1. Recent Performance: I'm not thrilled with Mr. Einhorn's work this year. He first tried to invest in the New York Mets, but that fell through. Apparently, he was too greedy and was just trying to get control of the team in a few years. Right now, the Mets are losing tons of money and will always be the #2 team in the city. But that was a personal investment. Let's look at some of his fund's holdings as of June 30. I don't give him credit for having Apple (NASDAQ:AAPL) as a holding, because it's, well, Apple (and after the earnings report it will be down a bit). Now the S&P 500 is down 9% since the end of the 2nd quarter, so you would expect some holdings to be down. But Einhorn's #4 holding, Sprint (NYSE:S), is down almost 50% since then. It will be interesting to see if his fund adds more Sprint shares at these lower levels. Despite the heavy probability of the company needing capital and further diluting shares, Mr. Einhorn says he still likes the stock. Another dog is Best Buy (NYSE:BBY). It's down 20% over that time period, and the fund added to its holdings. Interesting selection considering the lack of potential growth prospects. If you look at the rest of his top ten as of June 30, most of them are down at least single digits since then (along with the market), and about half are down in double digits.

2. Timing: The timing of this might be a little questionable. I would like to know what Mr. Einhorn's position was in Green Mountain stock before this speech. Was he short the stock going in? And what was his basis? He says short a stock at $93 that has spent quite a bit of time the past few months above $95. Shouldn't he have made these comments when the stock was at $115? Since I'm not an investor in the fund, I'm not sure we'll get an answer on this point anytime soon.

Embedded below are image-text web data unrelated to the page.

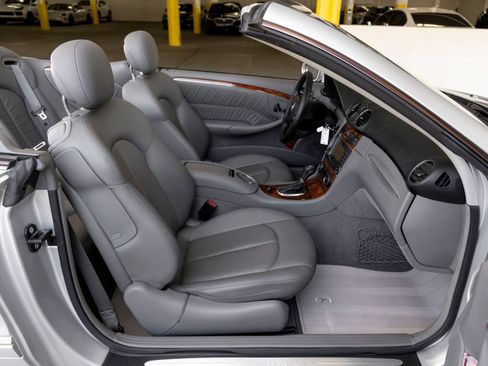Used 2007 Mercedes-Benz CLK 350 Cabriolet image 23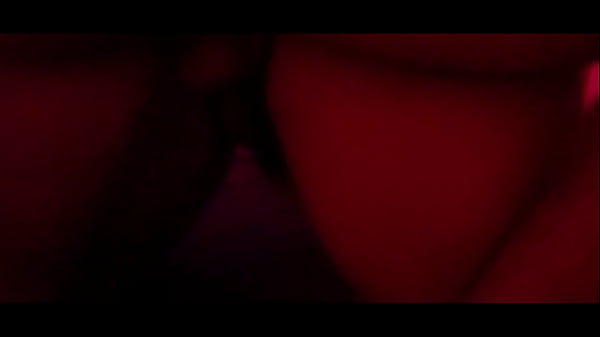 Suruba com safadinha depois da festa , V&aacute;rios amigos comendo a novinha safada 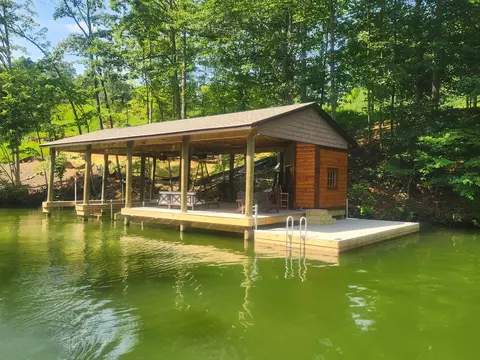 302 Point Dr, Hardy, VA 24101 photo 23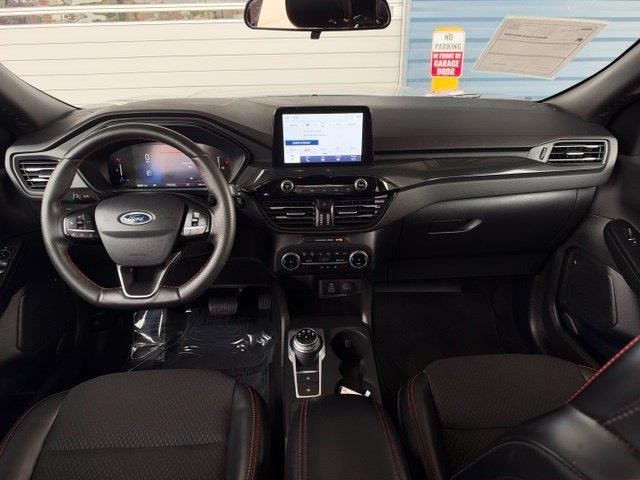 2025 Ford Escape - $24,900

3. Competitive Balance in 2012: Mr. Einhorn argues that Green Mountain will be in trouble when certain patents on some of its products start to expire over the next year or so. He argues that other companies, such as Kraft (KFT) may start producing similar K-cup type products. Okay, but how many people are going to switch right away? I'm not a coffee drinker, but I know plenty of people are. And all I hear is that people love the flavors. A lot of businesses use Green Mountain coffee in their workplace, and I don't see them changing that anytime soon. Why get rid of something you know and love just because something new is out?

4. Bad Accounting and GAAP Issues: The company has seemed to have this cloud loom over it for a while, and they have had a restatement or two here or there. But, people were saying this when the stock was at $30 a year ago. It's now above $80 and has been higher. Until actual fraud or other issues come out, I wouldn't take note.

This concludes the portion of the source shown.